When he heard of the book burning at the University of Berlin, Dietrich was deeply troubled. He’d hoped for a better response from the university students, but in the face of so much Nazi propaganda, the students had given in to their base instincts.

During the summer of 1933, things began to change quickly in the German Protestant church. Those pastors who had aligned themselves and their congregations with the Nazis now called themselves “German Christians,” and the faith they practiced was termed “Positive Christianity,” a mix of Christian dogma and Nazi idealism. And now these German Christian pastors wanted to exercise more power over the church in Germany. Hitler helped them out by putting forward his personal adviser on church matters, an armed forces chaplain named Ludwig Müller, to be the Reich bishop. As such, he would be the head of the German Christian churches, coordinating their affairs and integrating them with the Nazis. The German Christian pastors quickly elected Müller as the new Reich bishop, despite the best efforts of Dietrich and a number of other important Protestant leaders who tried to persuade the pastors not to vote for Müller.

On Sunday, July 2, 1933, the German Christian congregations held services of thanksgiving at which a special message from Adolf Hitler was read from every pulpit. “All those who are concerned for the safe structure of our church in the great revolution of these times, must . . . feel deeply thankful that the state should have assumed, in addition to all its tremendous tasks, the great load and burden of reorganizing the church.”

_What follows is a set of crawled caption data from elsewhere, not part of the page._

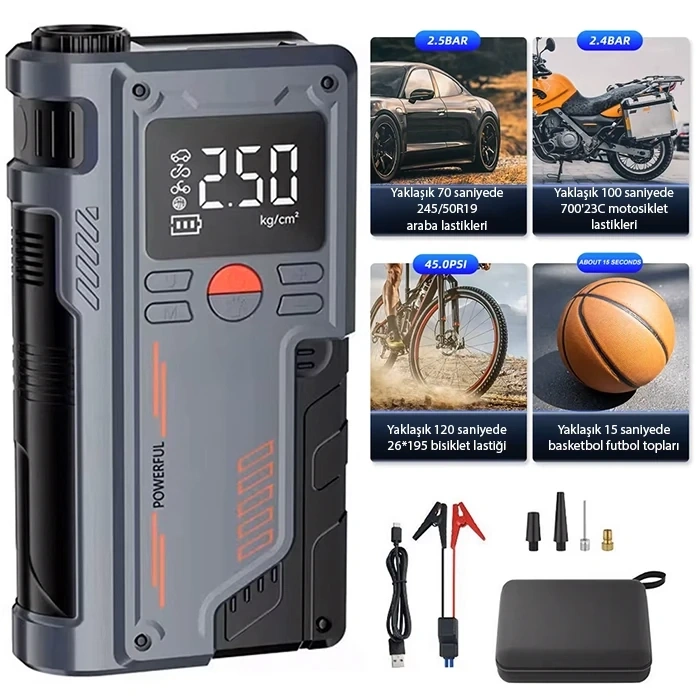 VipMarketim EZERE ST-9631 Pro Taşınabilir Göstergeli Araç Lastik Şişirme Ve Starter Akü Takviye Seti-(5775)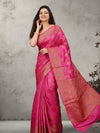 Buy Silkmark Banarasi Muga Tussar Pink Saree Online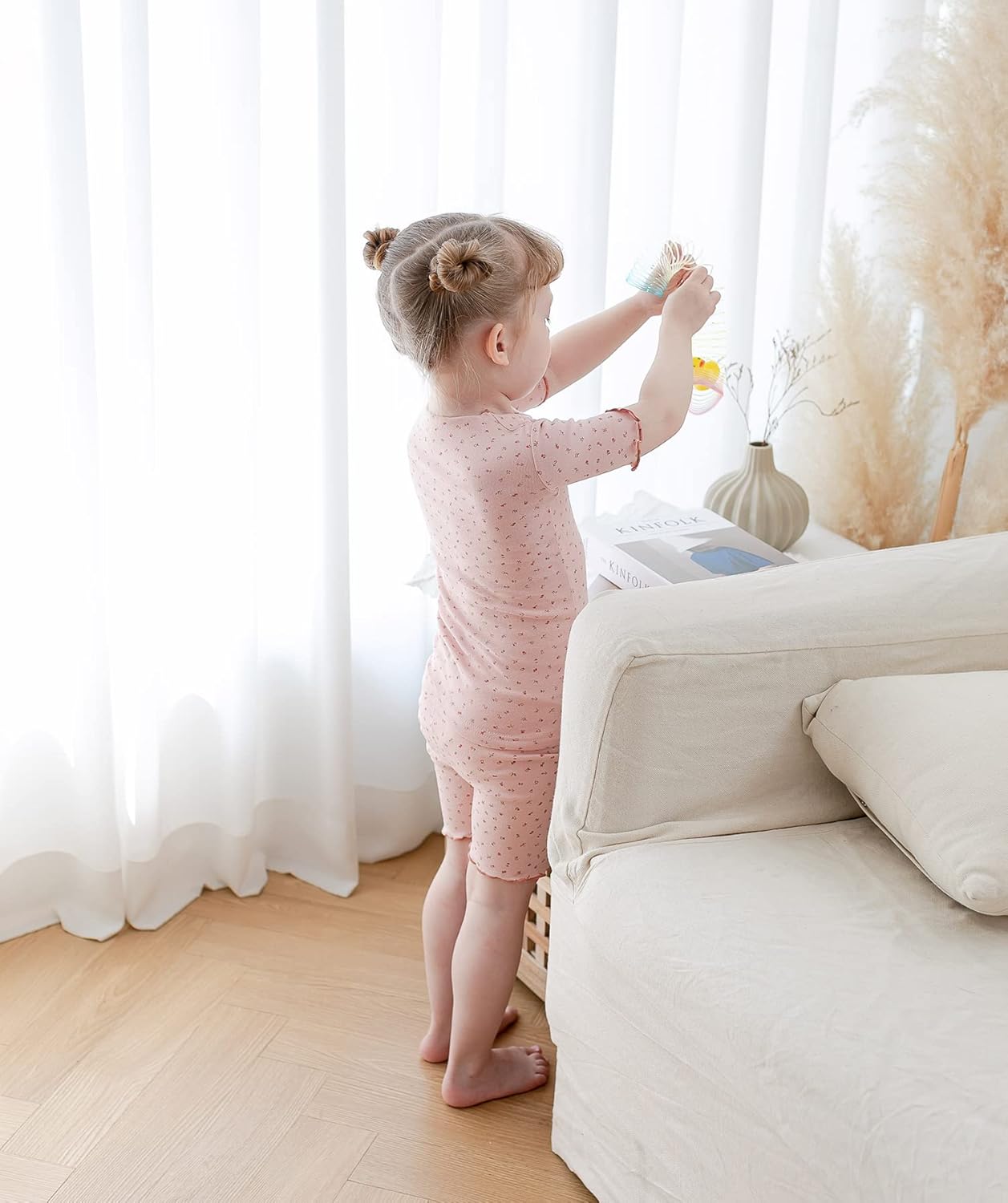 AVAUMA Baby Boy Girl Pajama Set 6M-7T Kids Cute Toddler Snug fit Flower Pattern Design Pjs Cotton Sleepwear Ruffled Shirring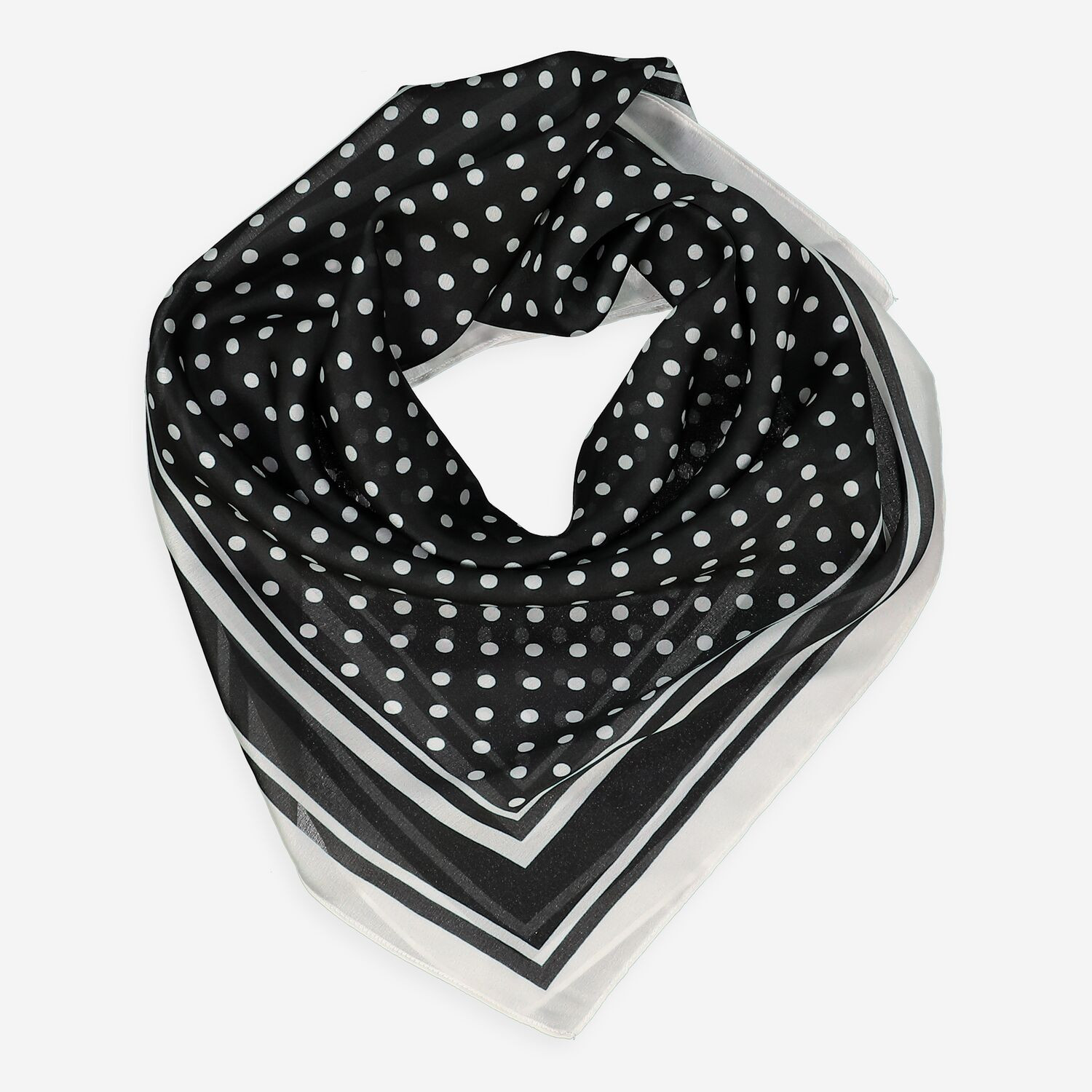 Black & White Spotted Satin Scarf 78x78cm | TK Maxx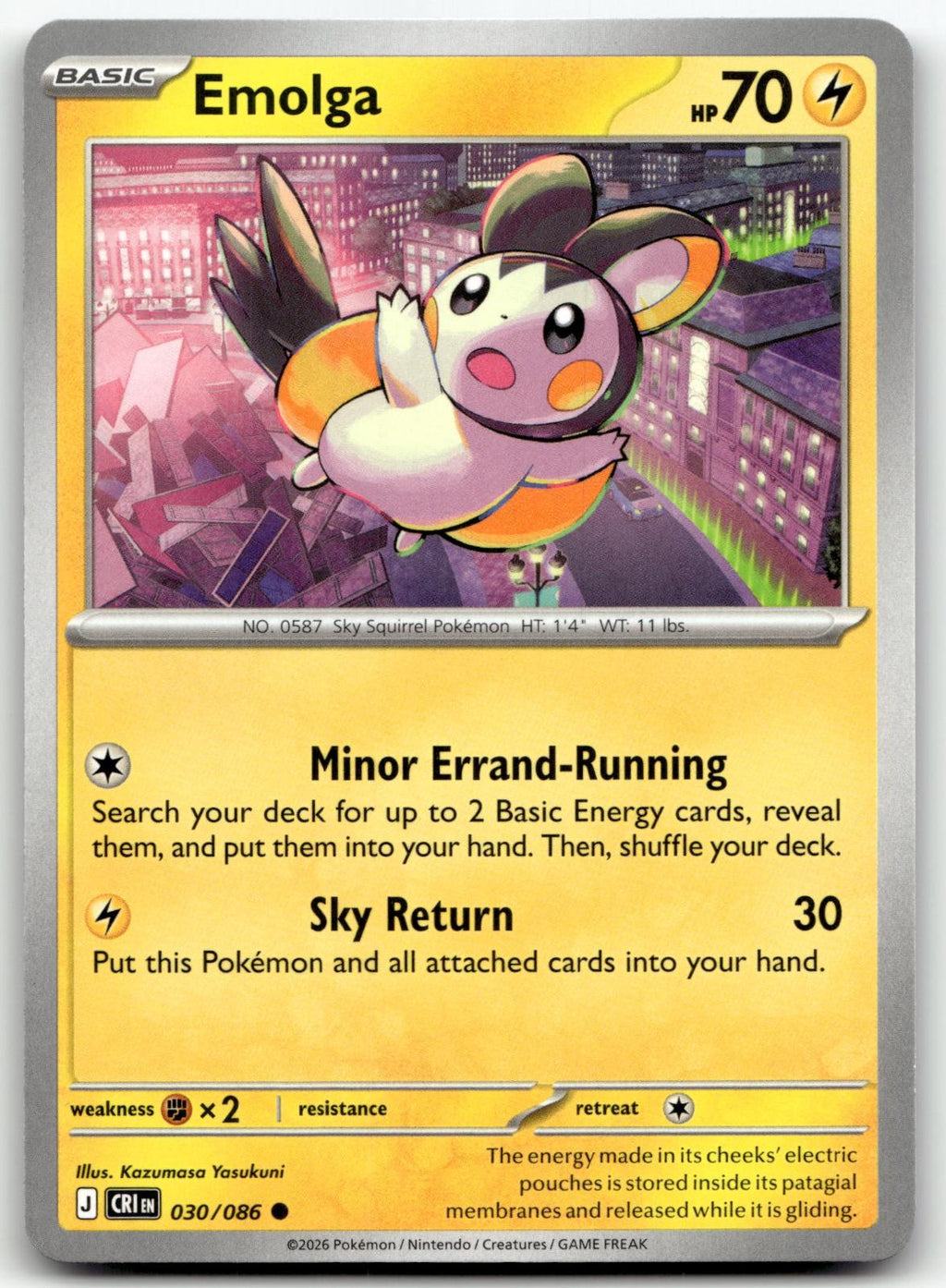 Emolga 030/086 Common Chaos Rising Pokemon Near Mint
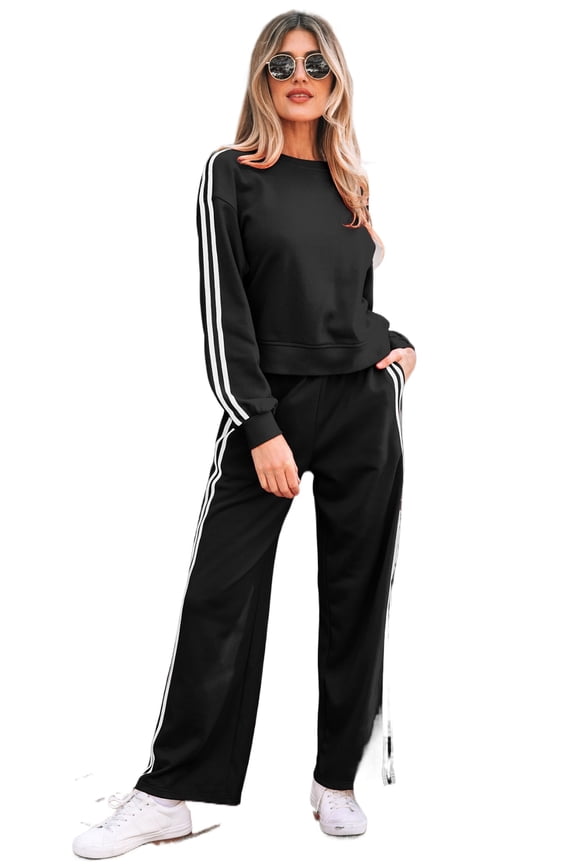 Women's Black Varsity Striped Detail Crewneck Pullover & Elastic Sweatpants 2-Piece Outfit, S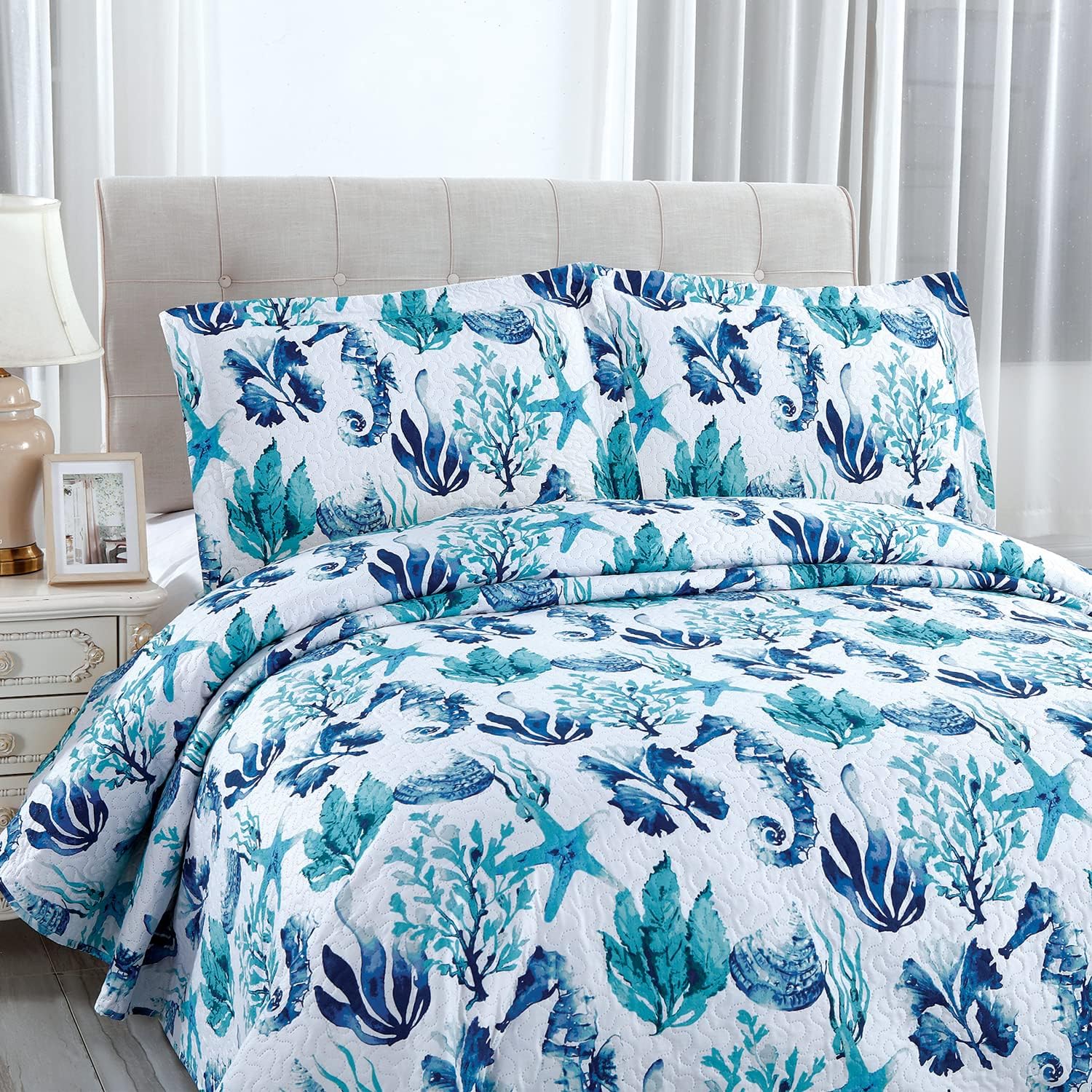 Jarson 3 Pcs Summer Coastal Quilt Set Twin Size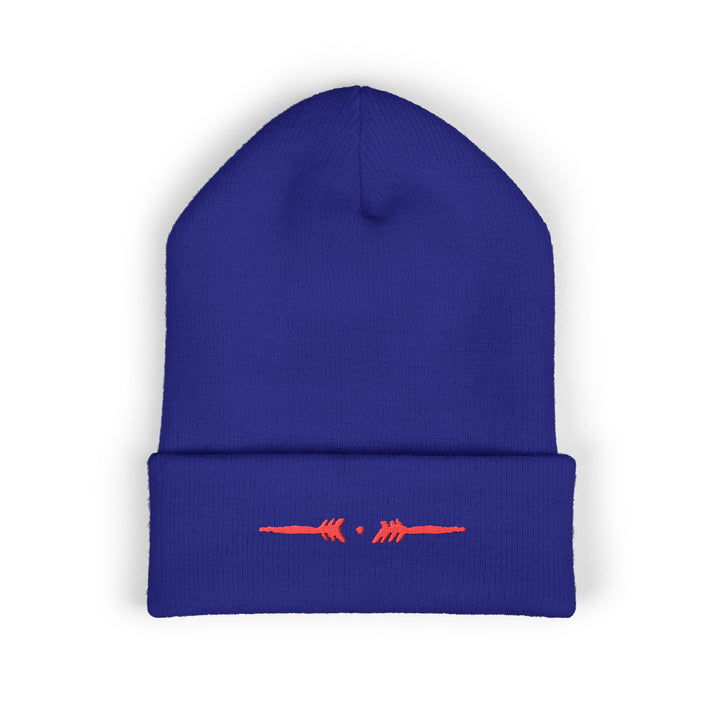 Classic Cuffed Embroidered Beanie - Rojo on Royal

A shudder ran down Dietrich’s spine as he read Hitler’s words to the German Christians. The Nazis were now firmly in control of Germany’s Protestant church. The question for Dietrich and other pastors now became how to respond to this situation. Was there still a place in Germany for the real, non-Nazi Christian church? What shape should this church take? And would the Nazis allow such a church to exist outside their direct control? Despite his best efforts, Dietrich had been unable to turn back the Nazi advance in taking control of the Protestant church. Now he wondered what the next challenge for him might be.

Chapter 11
England

In the fall of 1933, Dietrich was asked to take on the job of pastoring two churches in London, England. The two churches were under the same umbrella organization as the German church in Barcelona. At first Dietrich wasn’t eager for the job. He knew he was needed in the fight against Nazi intrusion into the Christian church. Yet as he thought and prayed about the situation, Dietrich realized he could do a lot of useful things from outside of Germany. He could serve as a spokesperson to the world about what was going on, and he could help raise support for German Christians resisting the “synchronization” of the church with the Nazis.